Posted on Mon, 12/06/2010 - 06:00

Continuing our celebration of Walt Disney's birthday, we asked guest blogger, Jonas Rivera--an Academy Award-winning producer at PIXAR--to share his thoughts on what Walt meant to him and how Walt's legacy influenced him for the future.

It's hard to imagine that there's anything to say that hasn't already been said about Walt Disney.  I've spent a good hunk of my life trying to learn about him, his work and his influence.  It's impossible really, to summarize how much he means to the world.  So instead, I'll try to summarize what he means to me.
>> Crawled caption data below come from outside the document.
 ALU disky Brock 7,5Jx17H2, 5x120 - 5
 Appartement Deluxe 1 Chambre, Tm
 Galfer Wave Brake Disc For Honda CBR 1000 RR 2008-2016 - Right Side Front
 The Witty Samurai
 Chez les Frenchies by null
My parents took me to Disneyland when I was three years old.  I remember as if it were yesterday.  My Dad's awesome Kodachrome slides may have helped me retain the details over the years.  Two years later, I saw my first movie. Snow White and the Seven Dwarfsblew my mind.  I was five years old, but at that moment I knew that my true love was animation.  
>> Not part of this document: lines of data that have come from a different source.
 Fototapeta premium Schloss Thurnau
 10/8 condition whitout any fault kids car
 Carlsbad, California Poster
Thinking back on it now, I guess I experienced it out of order, because I remember thinking that the movie reminded me of the park.  Not realizing that Disneyland came almost 20 years after Snow White was made.  After those two key moments, I spent pretty much the rest of my childhood growing up on Disneyland and the rest of the animated features.  Ultimately learning about Walt Disney and realizing that there was a person behind all the magic tricks.  I buried myself in the books, stories and photographs and became an armchair historian.  It always sort of bugged me when people would write or speak as if they knew him personally.  "Walt would do this."  Or "Walt would do that."  I can't blame them I guess.  I mean, I've consumed so much information on him, that at times I feel like I know him.  He and his team of brilliant artists created the work that defined my childhood. It's pretty clear that I'm not alone.

Walt Disney seemed to represent the perfect balance of art and commerce, always understanding where the pendulum should land between the two.  His style was a blend of romantic nostalgia with promises from the future.  It was as if he was always saying "you ain't seen nothin' yet."  It's as old as show business, yet nothing he did feels old to me.  I love putting the Donald Duck box sets (hosted by Leonard Maltin) on for my two daughters.  They laugh at those films as if they were made yesterday. They have no idea that they are laughing at movies made 60 years ago.

I sometimes pinch myself when I realize that I'm helping to make films for the company that Walt Disney founded so many years ago.  From time to time I find myself walking around the Disney lot and wonder what it must have been like back in the times of Cinderella, Mary Poppins and Disneyland.  It must have been wonderful.